PROBLEM REQUIREMENTS:
Take the lines from the one containing "Chobani Yogurt, Non-Fat, Greek, Vanilla, Blended, Value" through the end of the material and write them out exactly, omitting pictures.

── RECORDS SHOWN

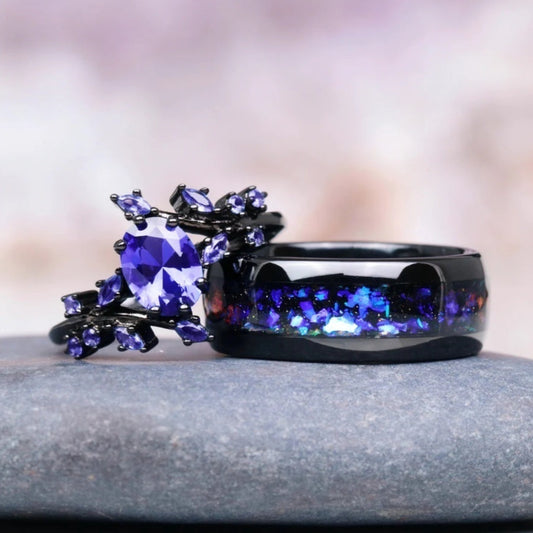 Cornflower Sapphire and Orion Nebula Couple Ring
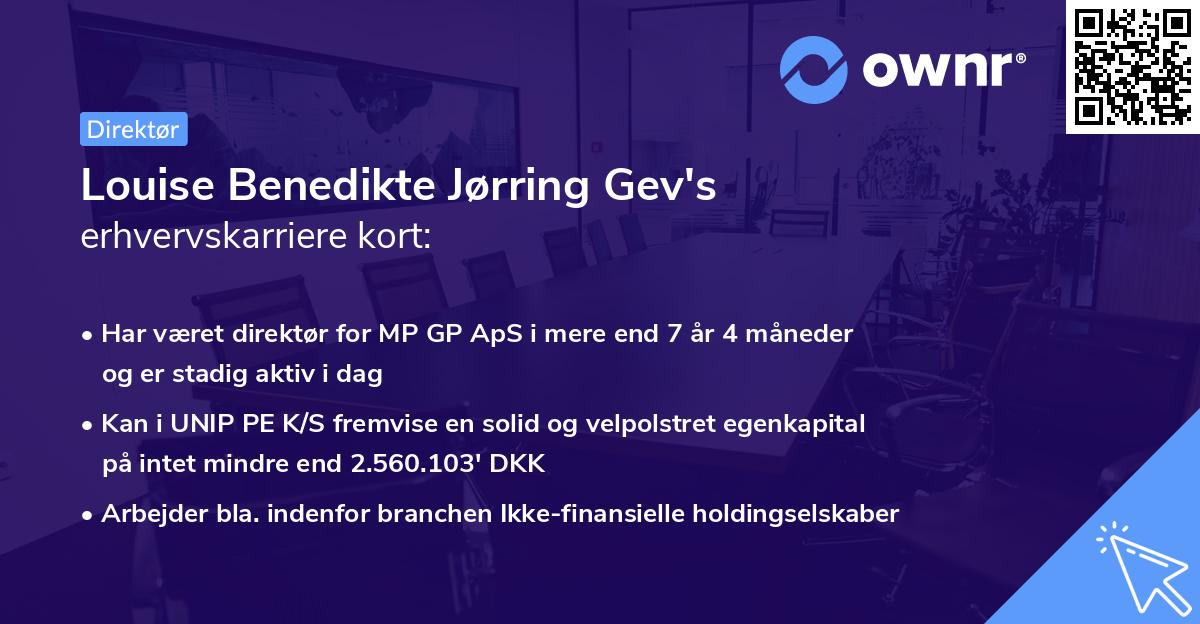 Louise Benedikte Jørring Gev's erhvervskarriere kort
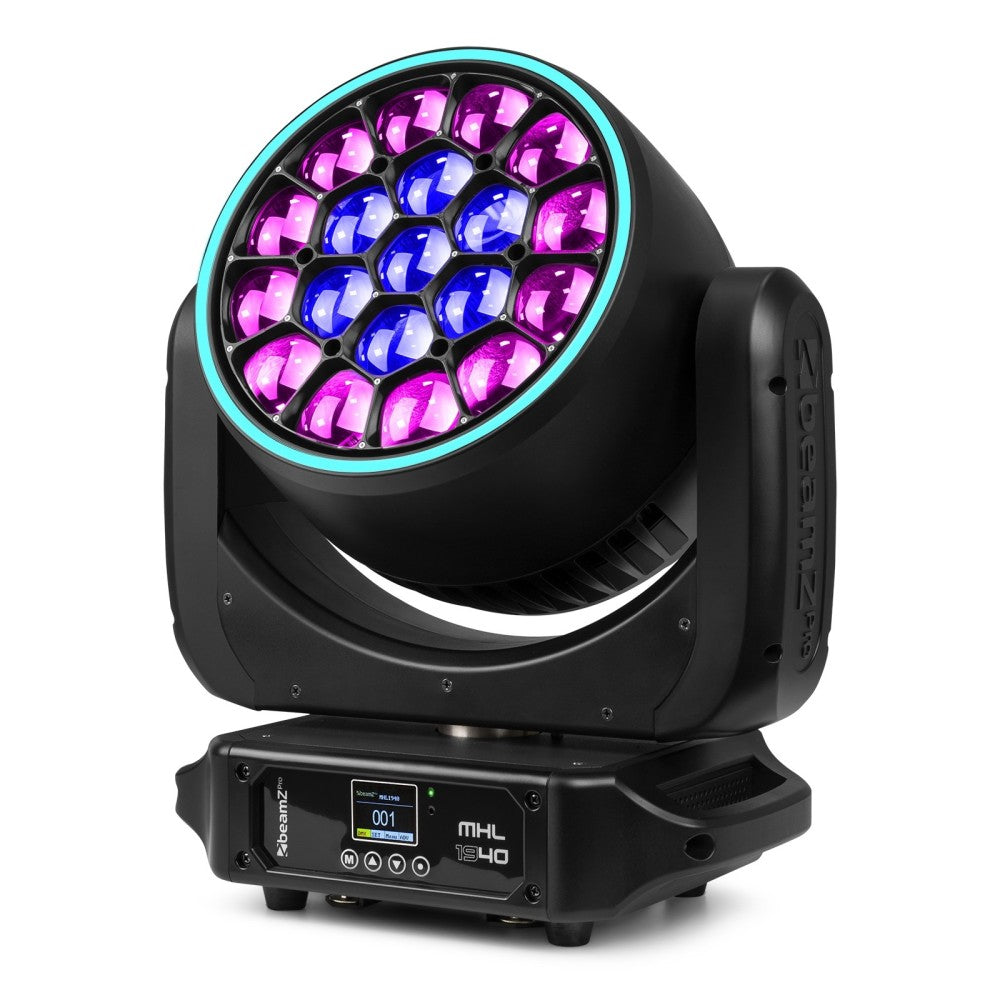 BEAMZ MHL1940 MOVING HEAD WITH 19X 40W LEDS, RING AND ZOOM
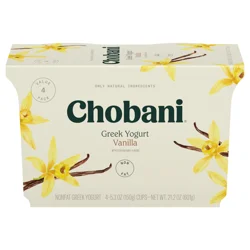 Chobani Yogurt, Non-Fat, Greek, Vanilla, Blended, Value 4 Pack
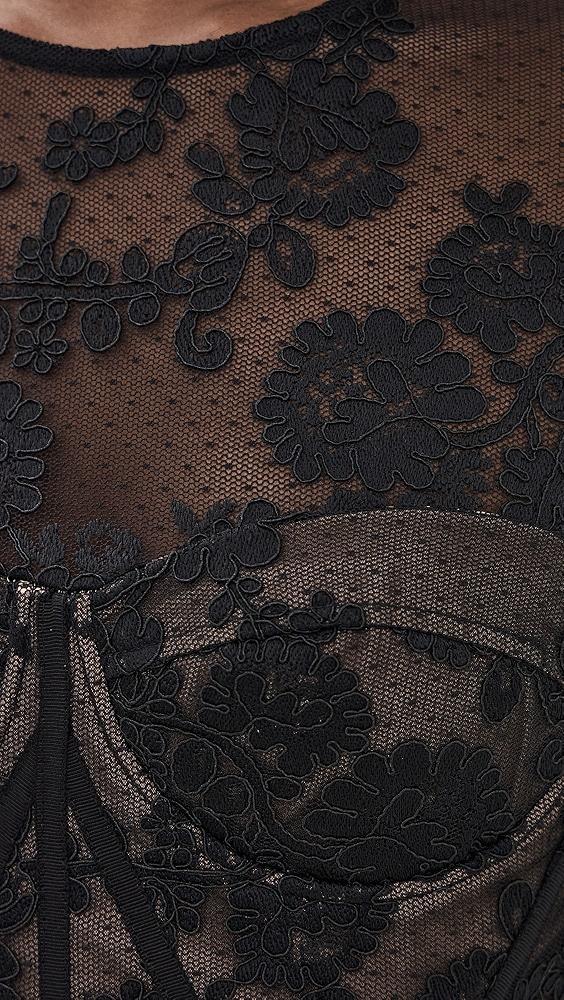 Self Portrait Black Lace Bustier Top | Shopbop Product Image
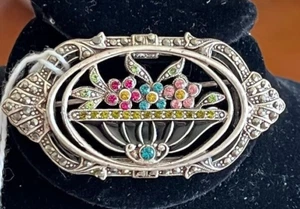NEW Sweet Romance Victorian Regency Brooch Pin Floral Marcasite 1940s Crystals - Picture 1 of 7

────

REPLY:
 Chobani Yogurt, Non-Fat, Greek, Vanilla, Blended, Value 4 Pack
 Self Portrait Black Lace Bustier Top | Shopbop Product Image
NEW Sweet Romance Victorian Regency Brooch Pin Floral Marcasite 1940s Crystals - Picture 1 of 7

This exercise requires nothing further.